• **Record set**:

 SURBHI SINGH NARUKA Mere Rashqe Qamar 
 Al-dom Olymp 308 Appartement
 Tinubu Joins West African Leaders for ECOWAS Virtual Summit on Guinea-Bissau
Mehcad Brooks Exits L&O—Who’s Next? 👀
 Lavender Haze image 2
...
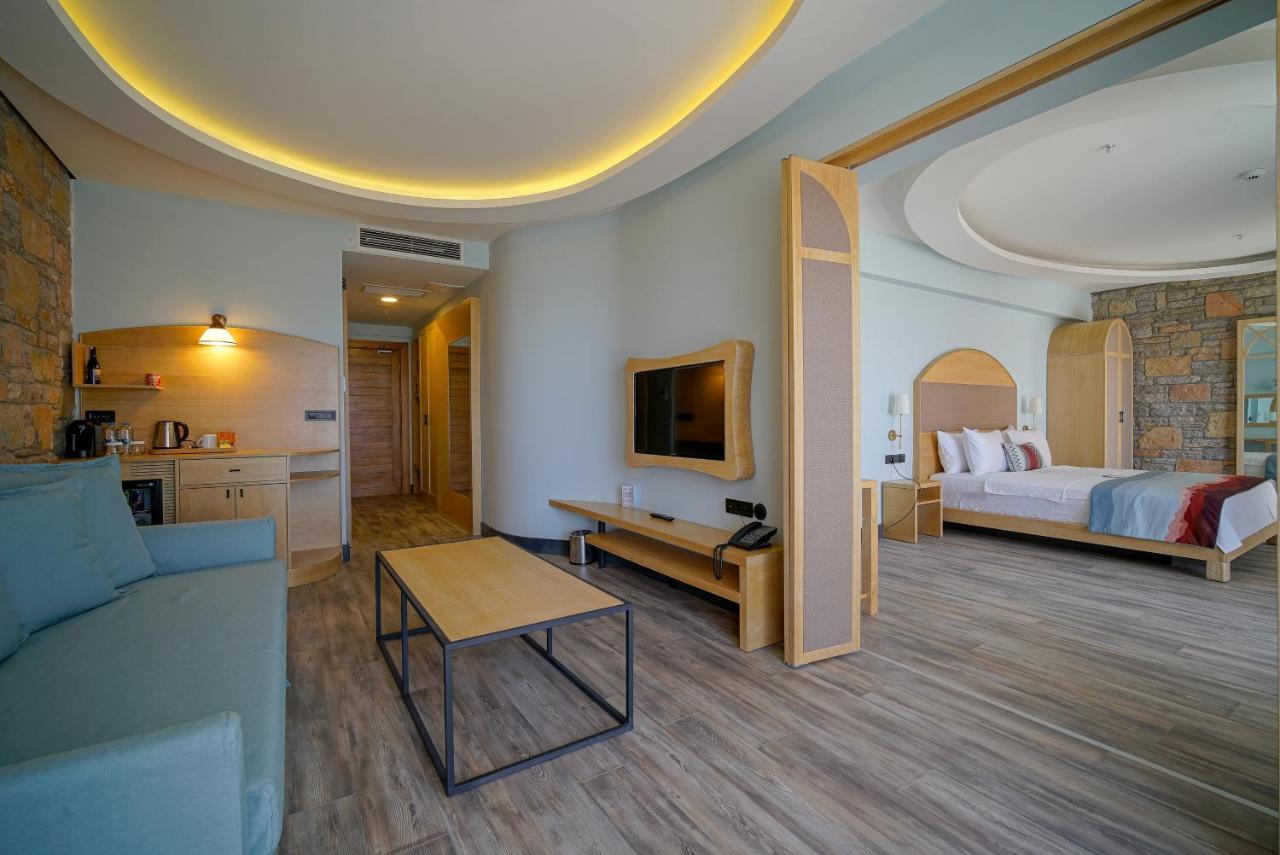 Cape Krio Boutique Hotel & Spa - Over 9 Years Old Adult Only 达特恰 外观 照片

• **Work instruction**:
Write down, word for word, the lines above from the one containing "Al-dom Olymp 308 Appartement" through the one containing "Lavender Haze image 2", both ends included.

• **Exercise output**:
 Al-dom Olymp 308 Appartement
 Tinubu Joins West African Leaders for ECOWAS Virtual Summit on Guinea-Bissau
Mehcad Brooks Exits L&O—Who’s Next? 👀
 Lavender Haze image 2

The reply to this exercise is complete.